### The data
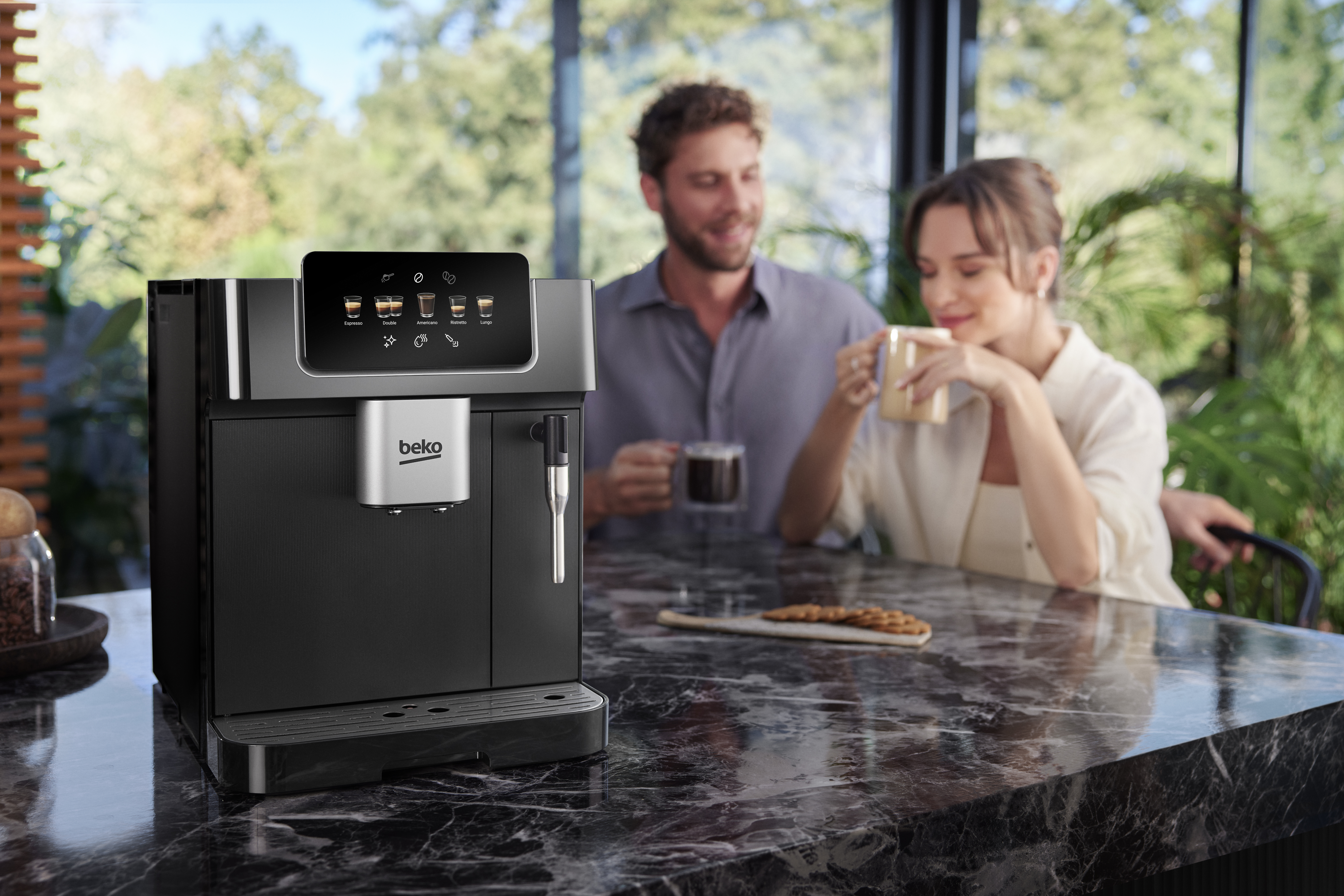 BEKO Caffé Experto CEG 7302 B automata kávéfőző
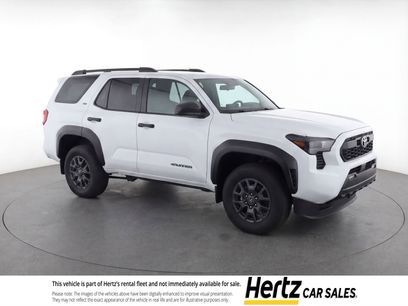 Used 2025 Toyota 4Runner 2WD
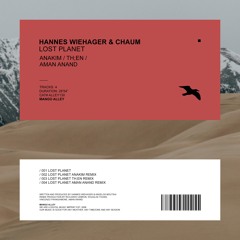 PREMIERE: Hannes Wiehager And Chaum - Lost Planet [ Mango Alley ]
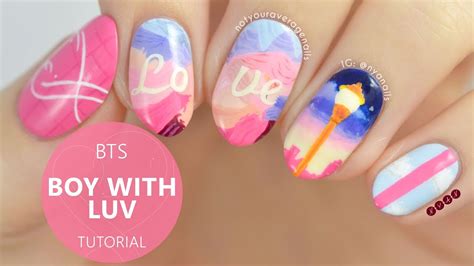 Kpop Bts Nails Atelier Yuwa Ciao Jp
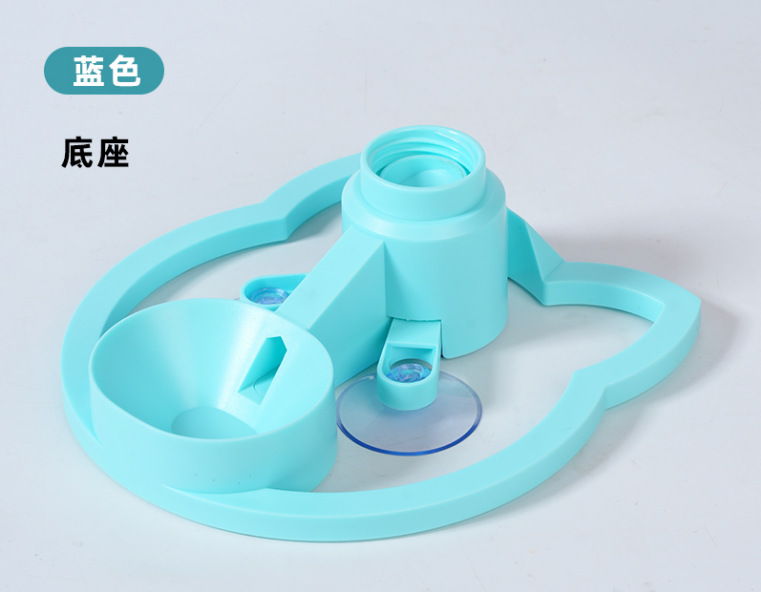 Blue [opp bag] only comes with suction cup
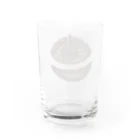 tmy_fの目玉（Medama）背景無し Water Glass :back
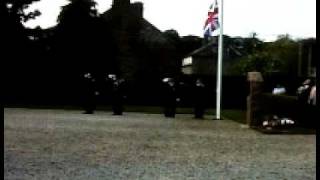 LIGHT INFANTRY BUGLERS quotlight division assemblyquot [upl. by Harrat]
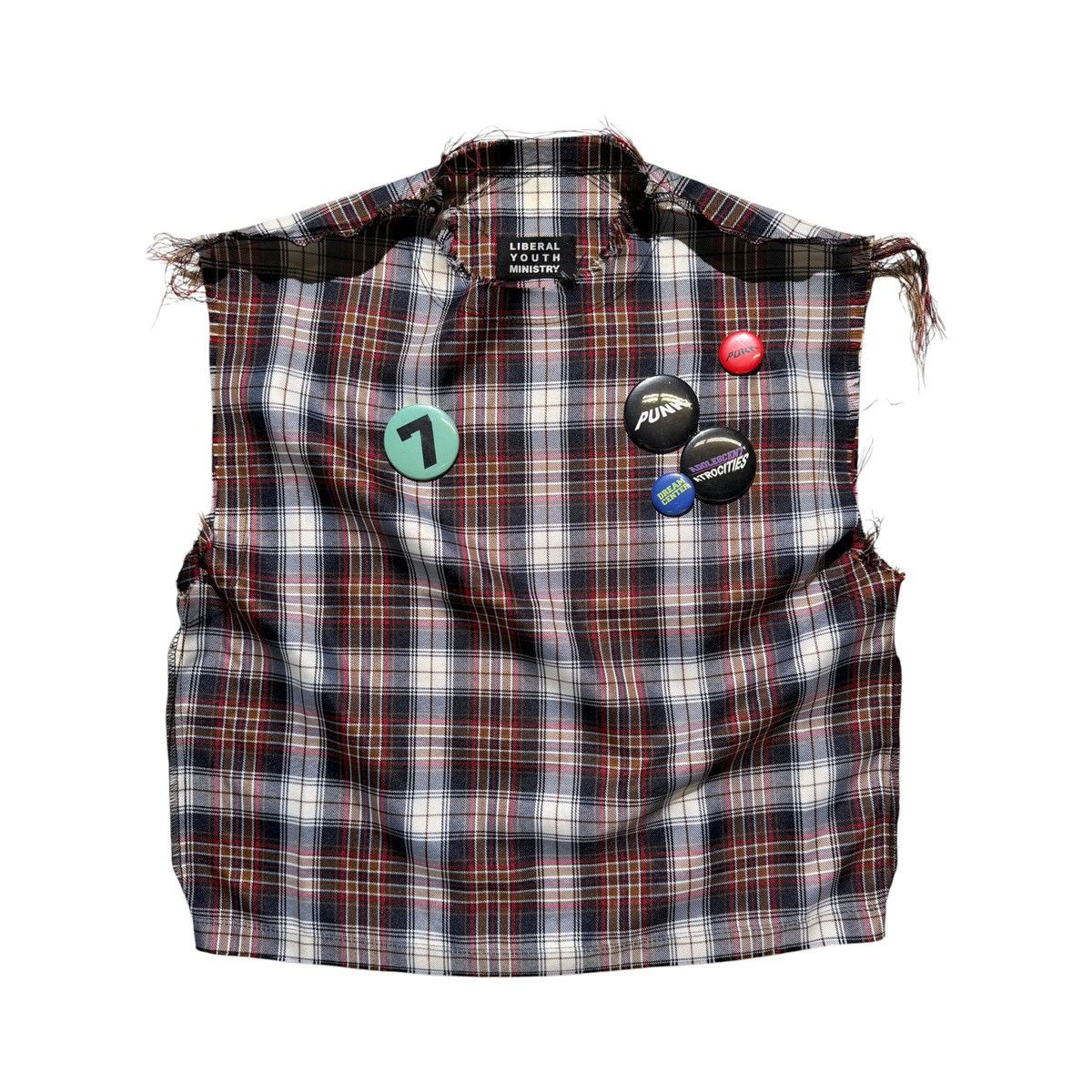 Liberal Youth Ministry Plaid punk tank top Size US M / EU 48-50 / 2 - 1 Thumbnail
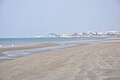 Image 5Qurum Beach - Crowne Plaza Muscat can be seen in the distance (on the cliff-top) (from Tourism in Oman)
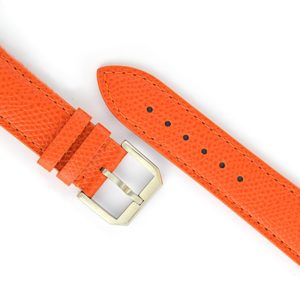 Apple Watch Strap, Calfskin, Orange, VH08
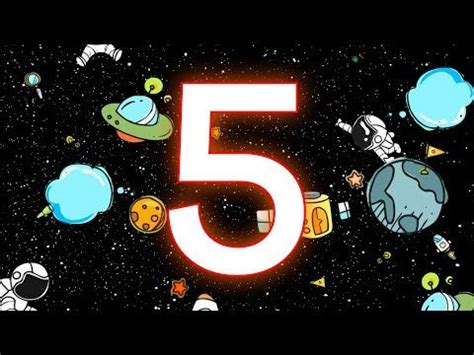 5 Seconds Timer | for Games, Online activities - YouTube | Countdown ...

### About this exercise
Transcribe the lines above exactly, setting aside any picture among them.

### Result of this task
 BEKO Caffé Experto CEG 7302 B automata kávéfőző
 Used 2025 Toyota 4Runner 2WD
 PREMIERE: Hannes Wiehager And Chaum - Lost Planet [ Mango Alley ]
 Kpop Bts Nails Atelier Yuwa Ciao Jp
 Blue [opp bag] only comes with suction cup
 tmy_fの目玉（Medama）背景無し Water Glass :back
 LIGHT INFANTRY BUGLERS quotlight division assemblyquot [upl. by Harrat]
 Liberal Youth Ministry Plaid punk tank top Size US M / EU 48-50 / 2 - 1 Thumbnail
 Image 5Qurum Beach - Crowne Plaza Muscat can be seen in the distance (on the cliff-top) (from Tourism in Oman)
 Apple Watch Strap, Calfskin, Orange, VH08
 5 Seconds Timer | for Games, Online activities - YouTube | Countdown ...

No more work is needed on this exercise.